Leaded

January's Environmental History has a review by Leif Fredrickson of Michael Mix's Leaded: The Poisoning of Idaho’s Silver Valley (OSU Press, 2016). From the review:
The poisonous history of the Bunker Hill Company should be as well known to environmental historians as the Battle of Bunker Hill is to historians of the American Revolution. Located in the Silver Valley in northern Idaho, Bunker Hill mining and smelting operations polluted the surrounding area and poisoned residents and workers with lead for a century. In the 1970s, Bunker Hill’s operations wrought “the worst community lead exposure problem in the United States,” according to the Centers for Disease Control and Prevention. The silver lining to the Silver Valley disaster was that it fueled new and stronger national regulations for lead pollution.

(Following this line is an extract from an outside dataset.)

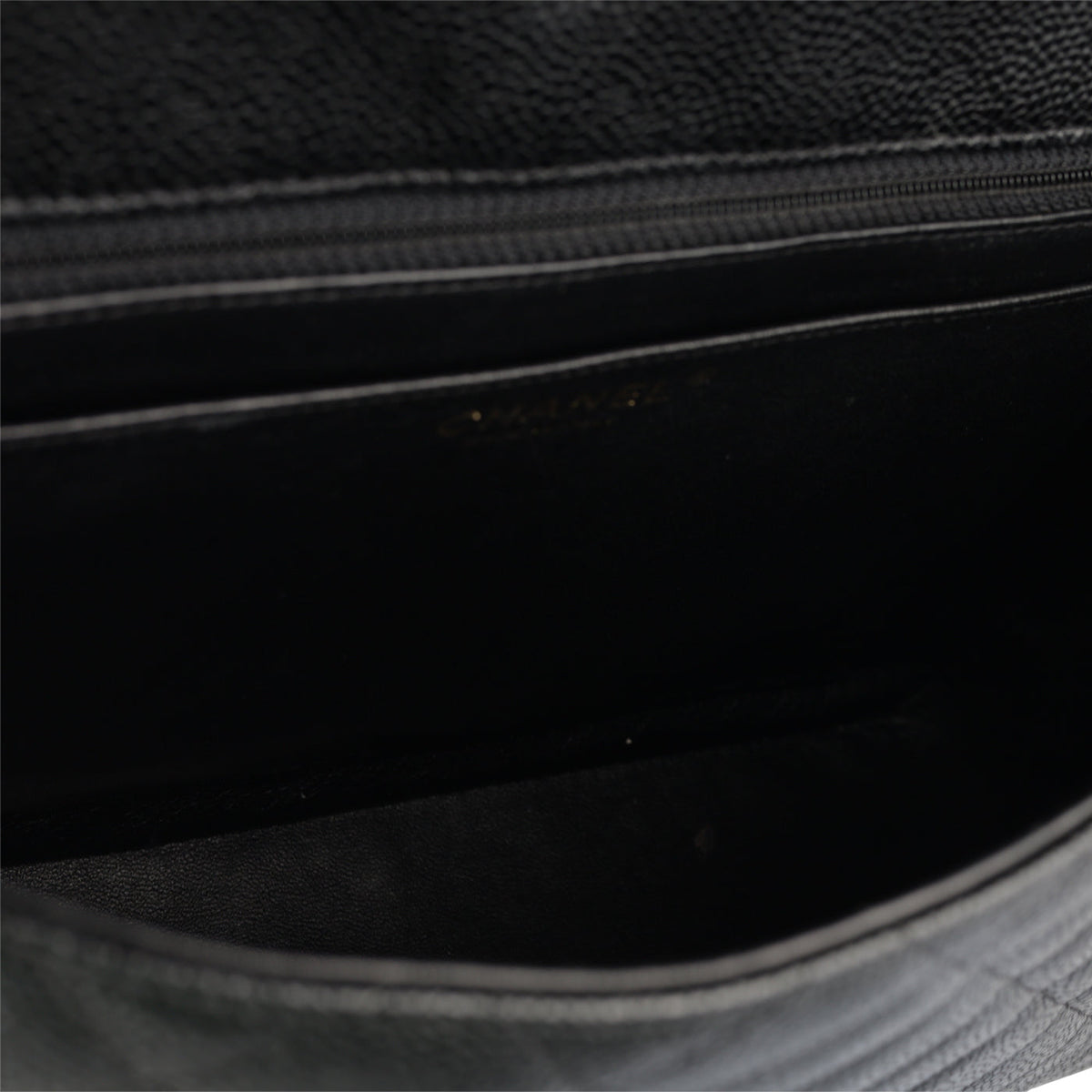 Classic Flap Bag - Jumbo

In Leaded, Mix seeks to unearth the “root causes” of mining and smelter pollution in the Silver Valley. He argues that pollution went unabated for most of the twentieth century because the government sought to empower Bunker Hill in the pursuit of economic development and western settlement. Countervailing forces were either too weak or too dependent on the company to resist the massive pollution externalities the company foisted on others. Workers and Silver Valley residents often spurned criticism of the company—“Uncle Bunker” as locals called it—for fear of losing the area’s key employer. Similarly, state politicians feared losing a thriving business and a source of taxes. Bunker Hill’s economic and political power produce favorable legislation and the company benefited from judges and regulators who sided with the industry over labor and those harmed by pollution. Bunker Hill’s power was also rooted in knowledge. The state government lacked the resources to know much of what Bunker Hill knew, or could have known, about the poisoning of workers and the community.

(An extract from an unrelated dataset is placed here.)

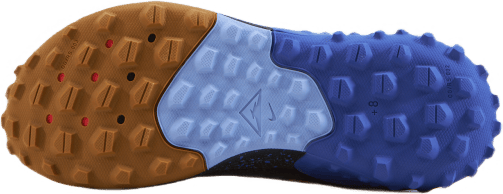 Wildhorse 7 Women's Trail Runn Black/bright Mango-lapis-light - Bild 4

Until the 1970s, the federal government did nothing to change this situation. Federal courts doled out, at best, piddling compensation for land and livestock poisoned by mines and smelters. Federal environmental laws were weak until President Richard Nixon created the Environmental Protection Agency (EPA) and Congress passed legislation that could force states to meet air and water pollution standards. Meanwhile, in 1973, a fire destroyed part of Bunker Hill’s already outdated pollution control system. But with lead prices soaring, the company chose to continue operating its smelter anyway. The resulting widespread poisoning of children in the community, which came to light over the 1970s, catalyzed the EPA’s first air lead standard, promulgated in 1977, and provided evidence for a relatively low acceptable lead level. According to Mix, the air lead standard, along with more stringent occupational health standards, “signified an end for most western lead smelters,” since they could not profitably meet the new technology requirements. Bunker Hill shut down in 1981.